Are You Okay?
- Current Status
- In Season
- Rock, Pop
We gave it a C+
The two guys who lead this band call themselves Don and David Was and pretend to be brothers, even though they’re not brothers and their real names are Don Fagenson and David Weiss. Clearly they’re joking. And yet — true to the spirit of their name — they’re also not joking. They write whimsical lyrics: The big smash from their 1988 album, What Up, Dog?, was called ”Walk the Dinosaur,” and another song, their dance hit ”Spy in the House of Love,” described a man and woman on a date as if they were secret agents probing each other for information. But Was (Not Was)’s music is serious funk and rhythm & blues. Two veteran soul singers, Sir Harry Bowens and Sweet Pea Atkinson, front the band, crooning and belting out the music that Don and David Was write.

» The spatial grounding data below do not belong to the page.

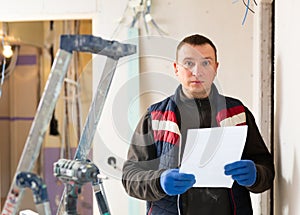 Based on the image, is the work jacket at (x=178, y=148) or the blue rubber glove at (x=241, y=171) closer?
the blue rubber glove at (x=241, y=171)

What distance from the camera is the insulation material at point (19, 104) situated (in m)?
4.61

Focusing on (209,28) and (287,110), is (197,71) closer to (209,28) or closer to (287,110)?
(287,110)

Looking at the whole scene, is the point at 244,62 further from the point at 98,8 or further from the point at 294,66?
the point at 294,66

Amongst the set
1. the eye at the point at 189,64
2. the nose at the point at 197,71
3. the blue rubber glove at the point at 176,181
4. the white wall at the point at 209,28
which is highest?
the white wall at the point at 209,28

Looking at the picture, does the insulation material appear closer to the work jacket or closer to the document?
the work jacket

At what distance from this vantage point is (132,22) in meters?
2.63

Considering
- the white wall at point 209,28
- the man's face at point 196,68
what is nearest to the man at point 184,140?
the man's face at point 196,68

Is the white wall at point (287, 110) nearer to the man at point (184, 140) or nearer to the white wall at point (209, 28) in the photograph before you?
the man at point (184, 140)

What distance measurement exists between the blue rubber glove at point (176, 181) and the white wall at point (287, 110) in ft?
0.93

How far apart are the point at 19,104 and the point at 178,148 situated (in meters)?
3.54

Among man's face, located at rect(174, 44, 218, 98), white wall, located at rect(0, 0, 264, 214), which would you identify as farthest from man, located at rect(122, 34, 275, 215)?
white wall, located at rect(0, 0, 264, 214)

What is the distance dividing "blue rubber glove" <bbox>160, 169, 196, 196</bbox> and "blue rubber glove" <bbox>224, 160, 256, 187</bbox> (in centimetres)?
10

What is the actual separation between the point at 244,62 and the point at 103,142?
1191 mm

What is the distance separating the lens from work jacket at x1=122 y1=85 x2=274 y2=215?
4.59 feet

The blend worked perfectly in What Up, Dog?, a disarming album, alternately funny and sad, and often both at once. But on Are You Okay?, the whimsy gets out of hand. Some of the lyrics string together disconnected images in the manner of a performance artist like Laurie Anderson, though without the evocative power: ”I was attending Mardi Gras with Fidel Castro/A buxom cross-dresser threw gold coins at our feet as we discussed the revolution.” Huh? (That’s from a number called ”I Feel Better Than James Brown.”)
One cut, ”Maria Novarro,” is unequivocally serious; it’s a propulsive song, full of jagged bass and drums, about a woman killed by her husband after police didn’t take the threat seriously. But generally there’s a numbing sense that, no matter how attractive a song may seem at the start, some kind of heavy-handed irony soon will intrude.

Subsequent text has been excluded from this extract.